What you are asked to do
The pictures in the data below are to be omitted; all else must be duplicated exactly.

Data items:
-.-.-
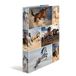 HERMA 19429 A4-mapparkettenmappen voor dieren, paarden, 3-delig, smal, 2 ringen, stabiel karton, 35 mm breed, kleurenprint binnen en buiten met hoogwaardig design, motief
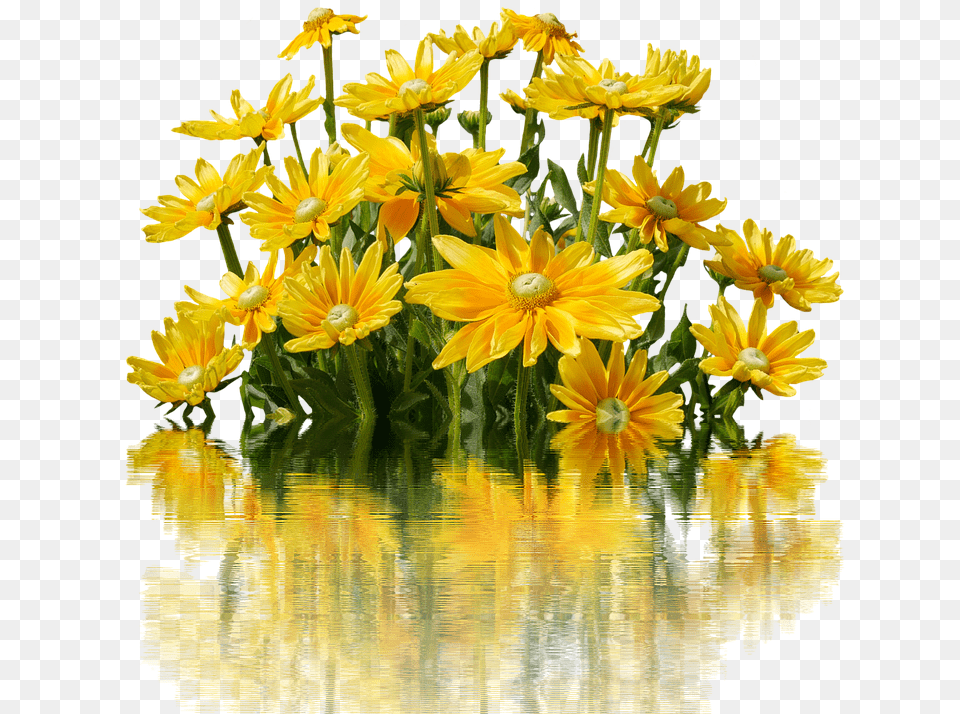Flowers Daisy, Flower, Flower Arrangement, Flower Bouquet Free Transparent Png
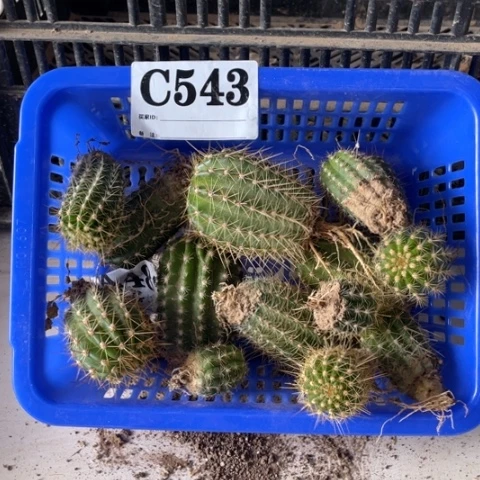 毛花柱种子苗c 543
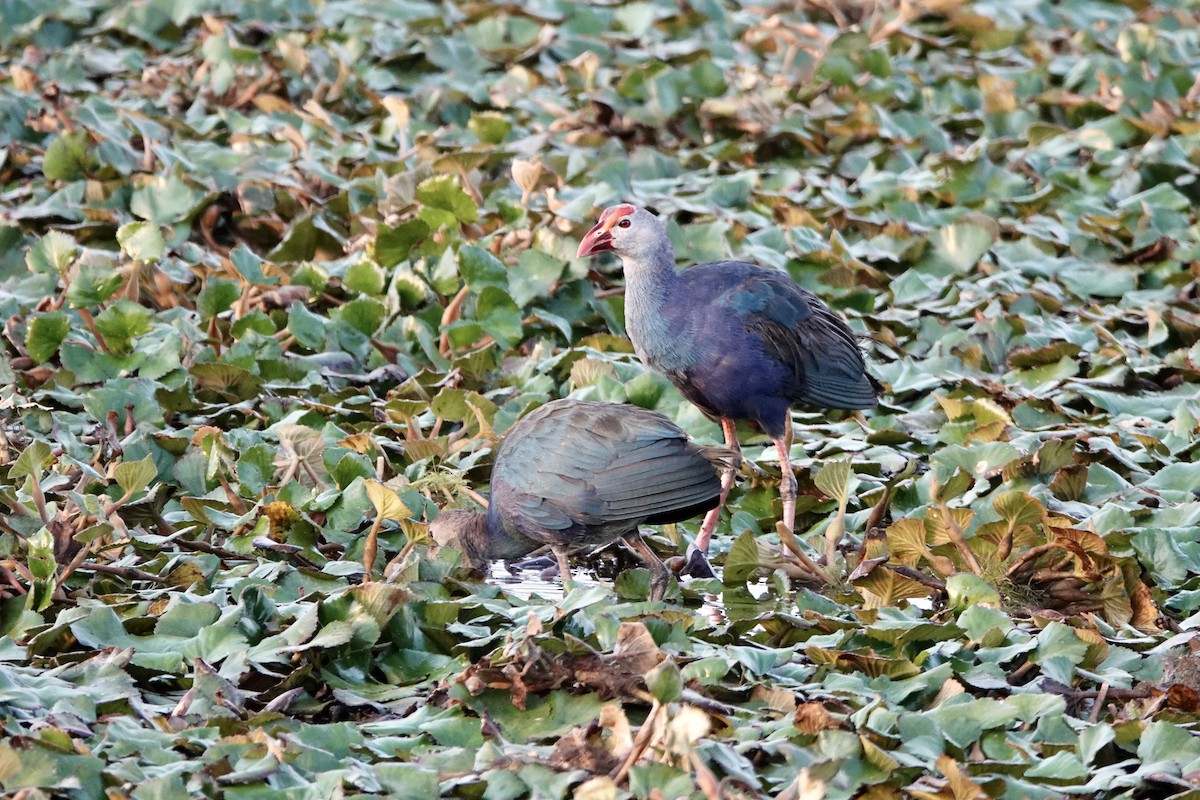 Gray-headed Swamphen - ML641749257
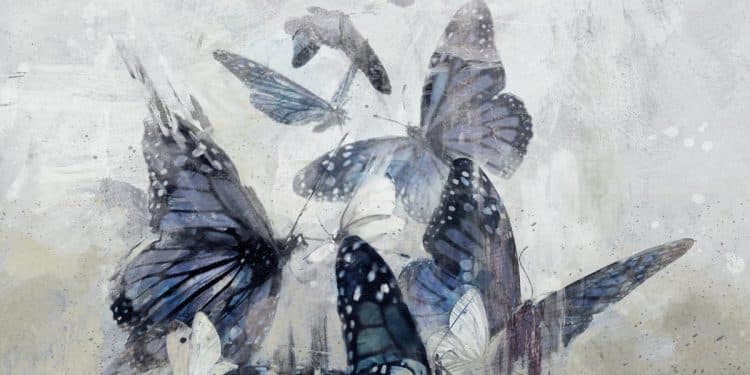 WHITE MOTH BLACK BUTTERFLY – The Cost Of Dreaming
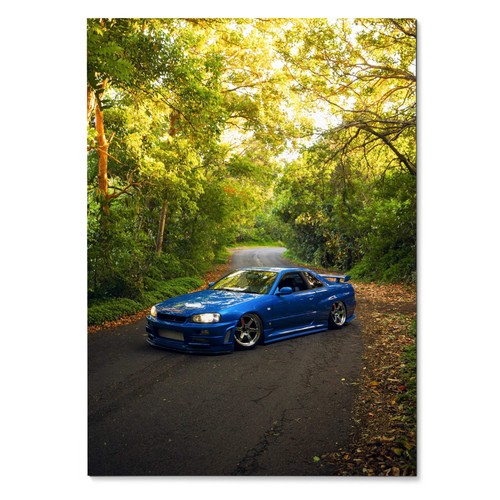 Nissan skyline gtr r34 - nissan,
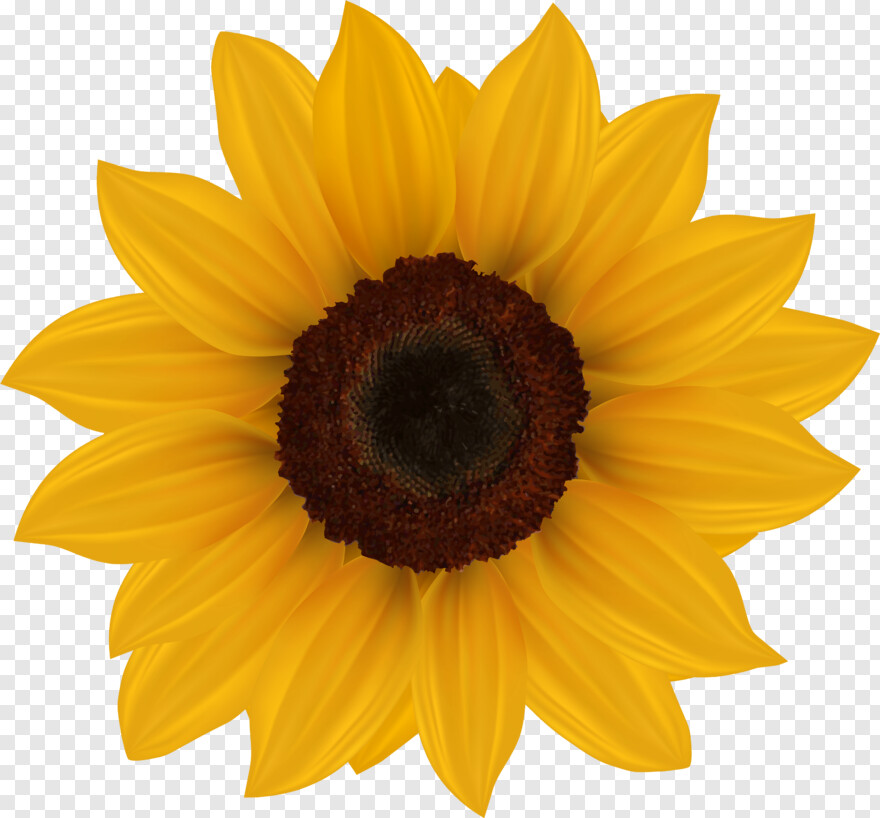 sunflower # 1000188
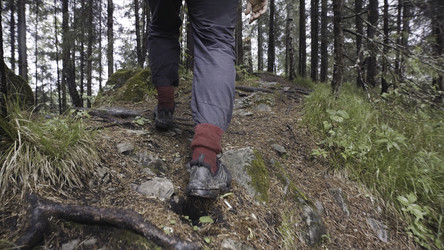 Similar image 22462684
-.-.-
Answer box
 HERMA 19429 A4-mapparkettenmappen voor dieren, paarden, 3-delig, smal, 2 ringen, stabiel karton, 35 mm breed, kleurenprint binnen en buiten met hoogwaardig design, motief
Flowers Daisy, Flower, Flower Arrangement, Flower Bouquet Free Transparent Png
 毛花柱种子苗c 543
 Gray-headed Swamphen - ML641749257
 WHITE MOTH BLACK BUTTERFLY – The Cost Of Dreaming
 Nissan skyline gtr r34 - nissan,
 sunflower # 1000188
 Similar image 22462684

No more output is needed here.